Monday, 16 May 2011

The Countdown Begins...

Countdown to departure: 13 days.  Whoa.  Could barely drag myself out of bed this morning in spite of the fact that the baby slept through the night.  Half of me was super-motivated, “I’m going to blitz the house!  Tidy things up, wrap up the organization, and clean one more time before the movers get here next Monday!  It’ll be great!”  Then  I was going to go traipsing about in London and the countryside for the rest of the week.  Alas, in spite of working my butt off all day I didn’t even finish the kitchen.  Perhaps I should have done what the other half of me wanted and gone back to bed and pulled the covers over my head.  
This is hard.  I don’t do well with this unknown stuff.  It’s so clear I need a lesson in being in the moment.  Or...well, I’m getting a lesson.  So far I’m pretty sure my grade is a D minus--not an F perhaps, but pretty darned close.  I keep living in the moment we arrive.  The moment we find a house.  The moment I get schools squared away.  I live in the moment where we can’t find a good house too.  The moment the only school is a crappy one where the teachers are mean and the lunch lady tries to poison the kids.  I live in the moment where we end up on the streets.  Or worse--a tiny 2 bedroom basement apartment with a leaky ceiling and no heat. Yes, I am a touch dramatic.  But dude, the internal monologue is a real doozy these days. Sure, it’s silly--I have a oodles of evidence that the world is a friendly place and that everything will work out swimmingly.  The bottom line is that I’m over it.  I’m tired.  I’ve been cheerful and chilled-out and cool about this whole ‘we’ll get there when we get there and we don’t know where ‘where’ is but it’ll be grand!’ thing.  Cheerful and chilled-out is one thing--brave is quite another. My inner-control freak is freaking out.  

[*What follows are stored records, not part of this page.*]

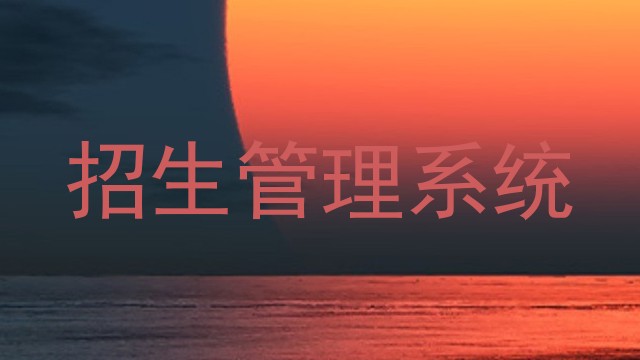 招生管理系统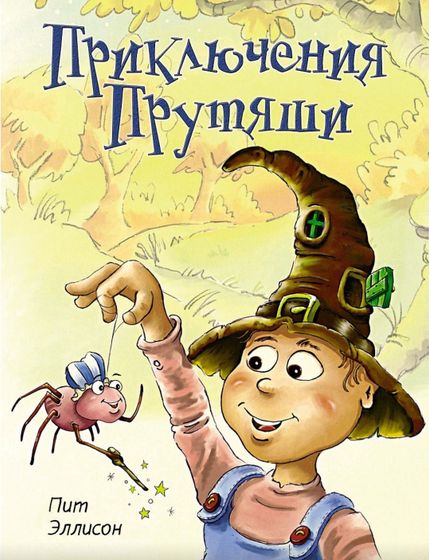 Спешу поделиться:)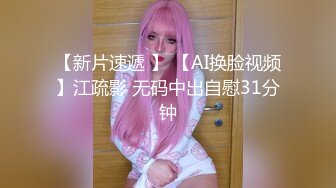 【校园网泄密】职院“陈若雪”！公厕女战神！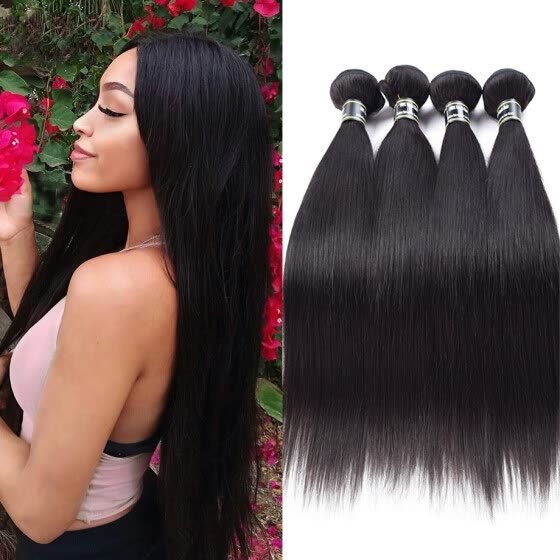 Shop Amazing Star Virgin Hair Brazilian Straight Hair 4 Bundles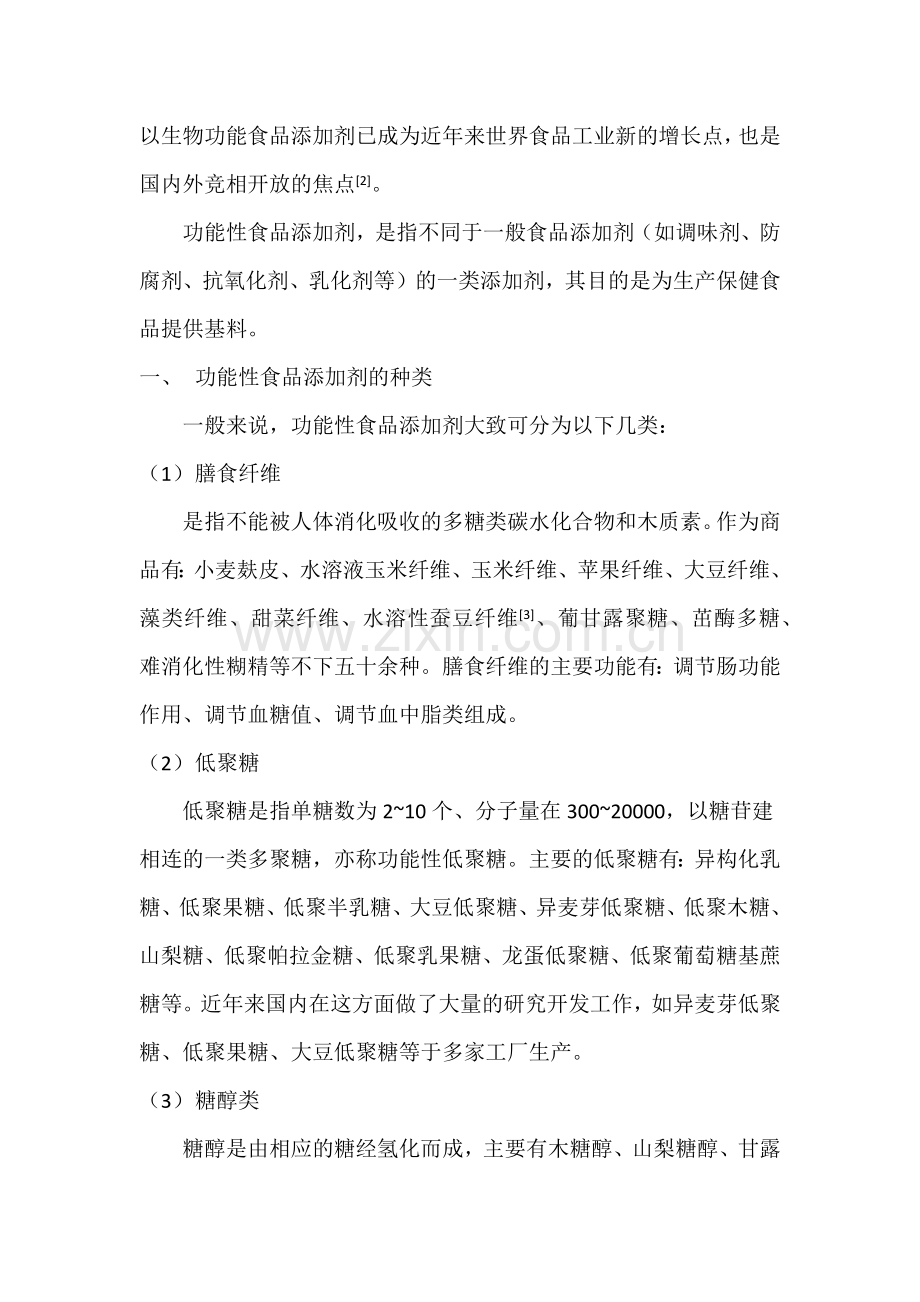功能性添加剂.docx_第2页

Scott asked me today what would be gained by knowing.  What would it change if I knew?  If I knew where we would live.  If I knew where the boys would be going to school.  If I knew...how would things be different right now? How would I be planning or acting or what would I be doing differently? After I told him I sort of wanted to punch him in the face I considered what he said.  I don’t know...I’d stop obsessing I guess.  I’d stop worrying. I’d work on plans for the one scenario instead of making wildly obsessive plans about the 784 fabricated scenarios running through my head. I’m sure knowing would make me stop obsessing.  Right?  Right?  Don’t you think? Come on, back me up here.
Bridger came in a little bit ago--still up nearly two hours after he went to bed. “Mom?  My brain is too full.  I can’t shut my mind off.”  Poor kid. I have no idea where he gets it.